When a person is arrested and indicted for a criminal offense, he or she will stand before a judge and will be given a set bail amount. That amount depends on a variety of factors, not the least of which being the severity of the crime of which the suspect is accused.
In most cases, the judge will ask both the prosecutor and the defense attorney for bail recommendations, but the judge has the final say in the matter. Even if both the defense attorney and the prosecutor recommend minimum bail, the judge can overrule their requests and set a higher amount.
At that point, the judge also has the authority to release the suspect on O.R. (Own Recognizance). This type of bail is the same as a monetary bail amount except that no money has to be paid to the courts. O.R. means that the suspect is allowed to go home to await trial, but will have to sign an agreement saying that he will appear in court on his trial date. The judge can add restrictions to O.R., such as:
– The suspect cannot leave the county
– The suspect cannot leave the state
– The suspect must surrender his or her passport
– The suspect must check in with a probation officer every week
– The suspect must abstain from drugs and/or alcohol
Should a suspect released on O.R. fail to meet the criteria for his release, the judge can issue a bench warrant for his arrest.
But if a bail amount is set, the following will directly influence that amount:
What Influences Bail Amount: Previous Convictions/Arrests
If the suspect has never been in trouble with the law before, the judge may take this into consideration. For example, a suspect who has been arrested for burglary, but has no priors, may be released with the minimum bail.
What Influences Bail Amount: Ties to the Community
Ties to the community can represent a variety of factors, such as employment, a family, or volunteer work.

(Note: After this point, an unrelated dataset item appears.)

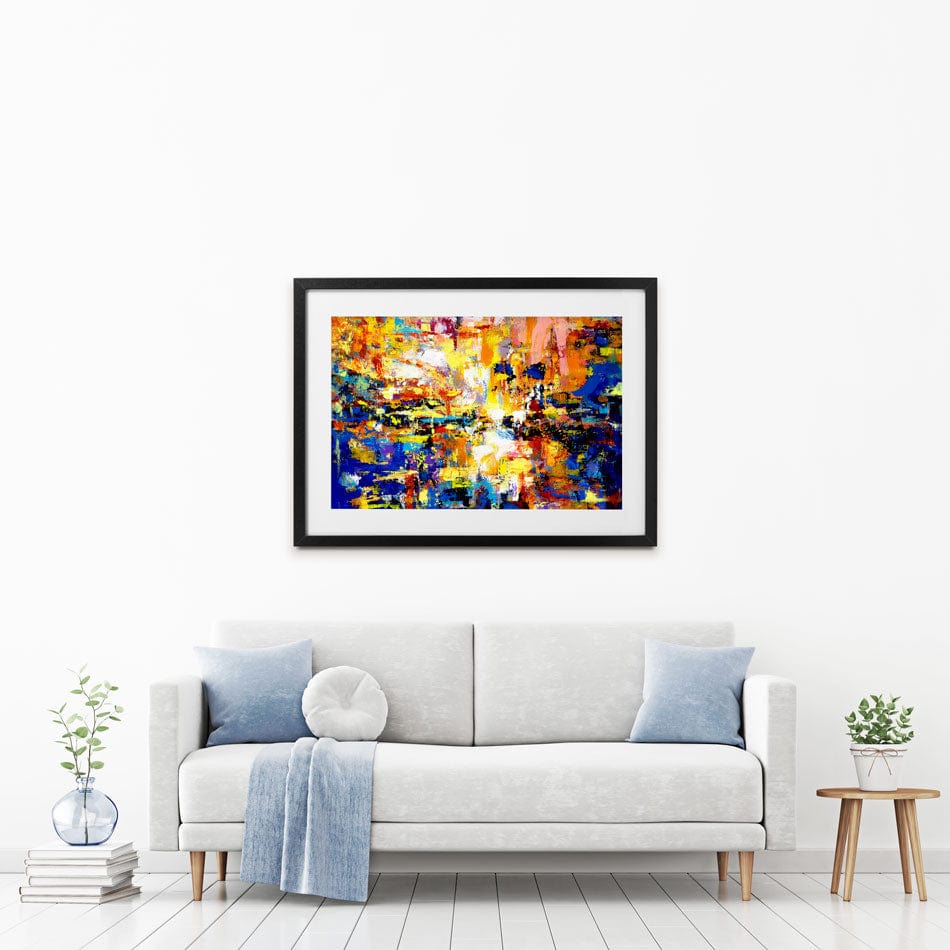 Muddled Framed Art Print wall art product Ivailo Nikolov / Shutterstock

If the suspect has proven himself to hold several responsibilities which cannot be performed from inside a jail cell, the judge can make it as easy as possible for he or she to make bail. For example, a man accused of petty larceny who has two children, a wife, and a full-time job may meet requirements for ties to the community.
What Influences Bail Amount: Severity of the Crime
In many states, including California, a suspect accused of 1st Degree Murder will not be eligible for bail at all, which means that the judge will remand him or her to prison until his or her trial date. A suspect accused of a non-violent crime, such as tax evasion, may receive a lesser bail amount.
What Influences Bail Amount: Flight Risk
If a suspect has sufficient funds to flee the country, or if he or she is known to have property abroad, the bail amount might be set in the millions, or remand might be requested by the prosecutor. A high flight risk means that the suspect is likely to flee justice in the sanctity of another country, which can significantly increase the bail amount.